**What you have to do**
The task calls for an exact retyping of the lines from the one holding "Bordas langues : Vocabulaire" through the end of the listing, with pictures omitted and nothing added.

**Information shown**

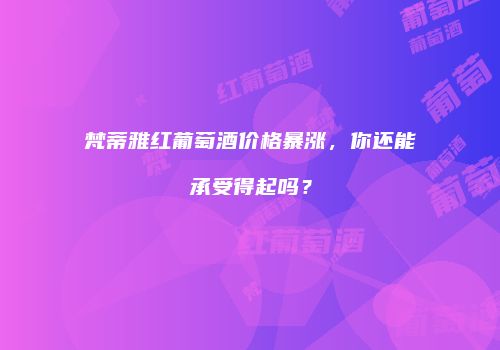 梵蒂雅红葡萄酒价格暴涨，你还能承受得起吗？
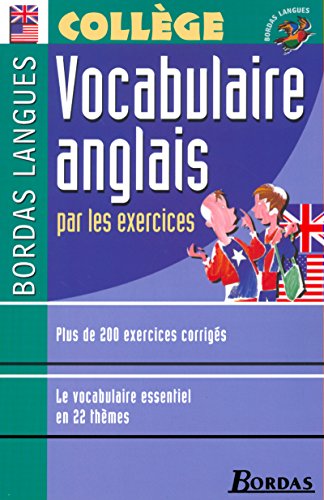 Bordas langues : Vocabulaire anglais par les exercices, collège von Bordas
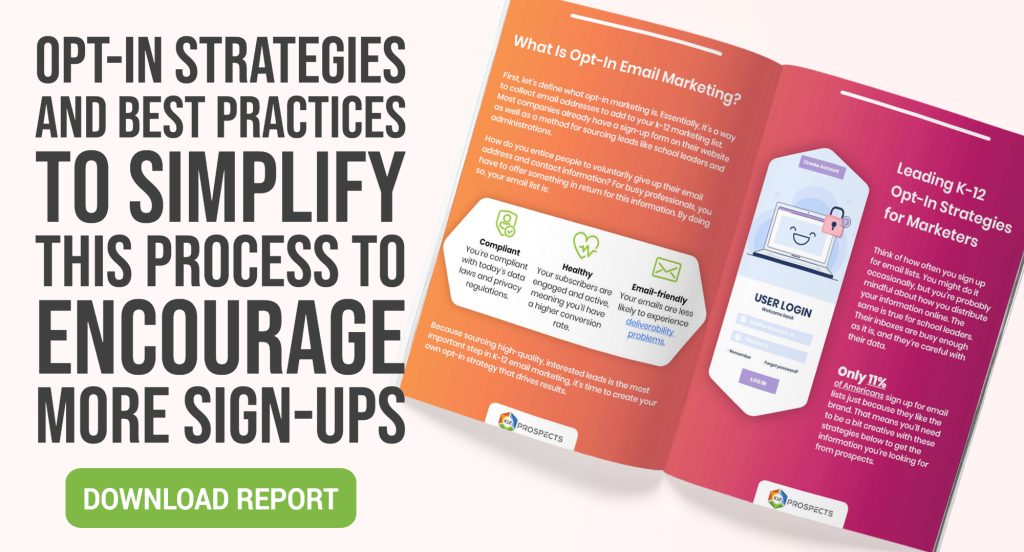 CTA - How to Create an Opt-In Email Strategy for Your K-12 Marketing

**Solution to this exercise**
 Bordas langues : Vocabulaire anglais par les exercices, collège von Bordas
 CTA - How to Create an Opt-In Email Strategy for Your K-12 Marketing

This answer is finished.